Day 19 – Tuesday, 14 April
These days I am looking forward to my weekly outing to the supermarket and pharmacy – the only stores open during the first phase of the lockdown. My main goal each day is shifting towards fighting boredom and routine – and a short walk out of home every week. I am beginning to feel restless and frustrated at the situation. I crave freedom and novelty like a parched man begging for a drop of water, and knowing all the same that things won’t get easier until at least the end of the month.
I would love to read more books, but my focus is not where it should be; still, I am planning to discover a new author next, Norwegian thriller writer Jo Nesbo, and finish a few crime thrillers this month from my book collection. Perhaps Tess Gerritsen or Lynda LaPlante.

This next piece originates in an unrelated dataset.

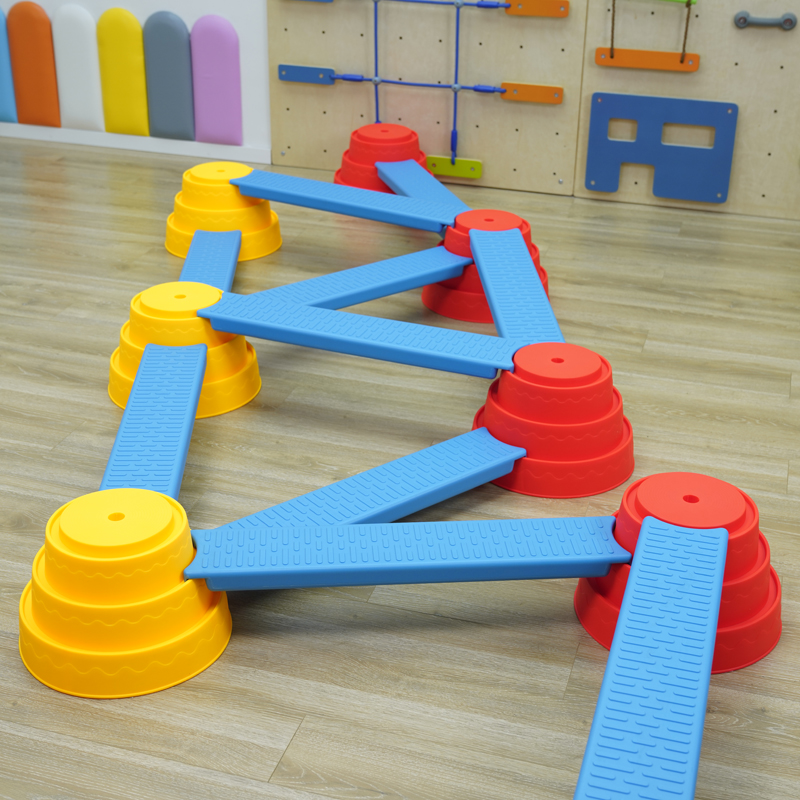 构建平衡木组幼儿园塑料独木桥儿童感统训练器材游戏桥玩具建构岛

I want to write thousands of words daily. Yet, I can’t seem to find those words. The progress is slow, as I procrastinate and deal with the minutiae of household chores and continue to find freelance work in between. I feel like I’ve been neglecting my primary mission – finish and publish a novel – and I need to gt back into the rhythm of constant writing. So far, I resolve to pick up the pieces of my lockdown journal.
Finally, I am excited to try new recipes in the kitchen in preparation for the Orthodox Easter weekend. My husband has been toying with baking bread, perfecting his ciabatta experiments day by day. There’s no shortage of food, fresh bread and aperitifs on the table, nor coffee to keep us going, for which I am grateful.
Under the current quarantine circumstances, I believe that for many South African families, hunger and unemployment are the real threats to face, not the virus itself. The implications are staggering to the country and its people. It may be an unpopular opinion, but I do believe the strict lockdown should be lifted for life to move on, with the necessary precautions taken, of course. It’s good to dream.